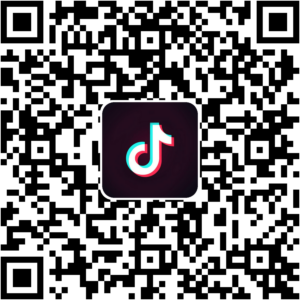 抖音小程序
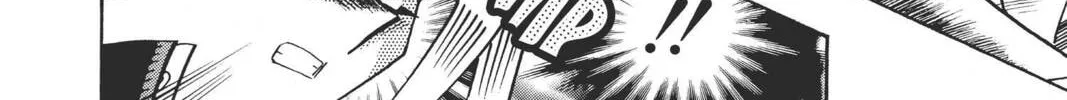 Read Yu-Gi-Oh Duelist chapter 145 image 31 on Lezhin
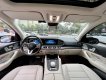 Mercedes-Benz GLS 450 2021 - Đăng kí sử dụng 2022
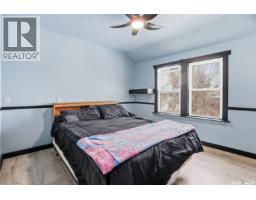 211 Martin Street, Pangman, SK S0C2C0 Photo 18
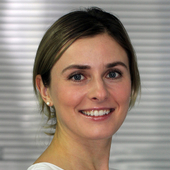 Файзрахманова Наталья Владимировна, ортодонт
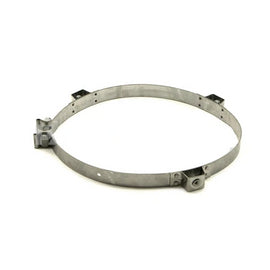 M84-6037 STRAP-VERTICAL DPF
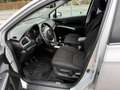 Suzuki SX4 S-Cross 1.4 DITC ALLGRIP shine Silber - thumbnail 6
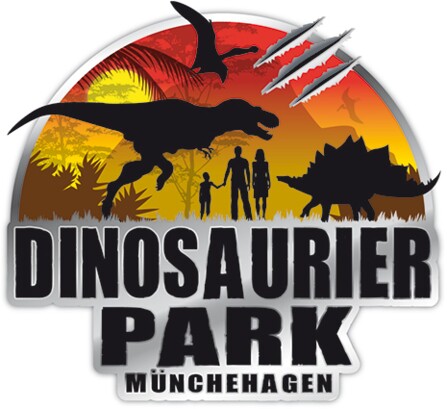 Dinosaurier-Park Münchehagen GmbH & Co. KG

PROBLEM. When you find the line that contains "211 Martin Street, Pangman, SK", retype it and every line after it through the end of the data above, exactly, with no pictures.

EXERCISE RESULT.
 211 Martin Street, Pangman, SK S0C2C0 Photo 18
 Файзрахманова Наталья Владимировна, ортодонт
 M84-6037 STRAP-VERTICAL DPF
 Suzuki SX4 S-Cross 1.4 DITC ALLGRIP shine Silber - thumbnail 6
 Dinosaurier-Park Münchehagen GmbH & Co. KG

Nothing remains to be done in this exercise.